Another Reason Why I Love Daycare
One of the hardest choices families make is childcare. For some lucky families, someone is able to stay home or work from home and keep the tyke there. But for a lot of families, it’s off to work they BOTH go, and so that leaves daycare or something similar as the only option. And I know how hard it is to make that decision. The first time I left Bean at a daycare center he was three months old and the tiniest little dude in the nursery. I cried out in the parking lot for half an hour. It was awful. But each day it got easier and easier, and by a few weeks into our new routine we were all adjusting nicely.
Truthfully, daycare works really nicely in our family. I like it because it gives Bean a place to interact with others on a daily basis. He learns things there that I wouldn’t be able to teach him at home, like how to sit in circle time and how to share his blocks. He likes it because he gets to do activities there that I wouldn’t have ever thought about being brave enough to do with him at home, like finger painting. And just last week a fire truck came up to his school and he got to climb up in the cab and sit with a real fireman! Now, he claps and squeals every time he hears a fire truck siren. I just love that he is getting those experiences and learning to be part of groups of people independent from me and Chris.

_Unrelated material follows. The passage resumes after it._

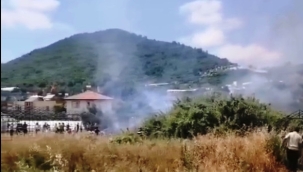 Alanya'da çalılık alanda çıkan yangın söndürüldü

Sometimes we’ll be driving down the road and I’ll hear him point to something new and tell me what it’s called. Like, the other day he randomly pointed at the moon and said, “Moon.” Real simple. Like he’d been saying it for years. I didn’t teach him that, but he was learning about the sun, moon, and stars at daycare. He also started holding his hands up in the air and opening and closing his fingers as he sang, “Tink…tink…tink…” When I asked his teacher if she knew what he was doing, she said that was their hand motion for when they sang, “Twinkle, twinkle little star.” It made me smile to think that his little brain was growing even when I’m not there to teach him.
Something else I love about daycare is that there are another set of eyes who watch him and know him so well. Of course, his teachers will never know him as well as I do, but they spend so much time with him that even they can tell when he’s not feeling well or having a bad day. And they also learn different techniques with dealing with his moods and little personality that I can learn from, too.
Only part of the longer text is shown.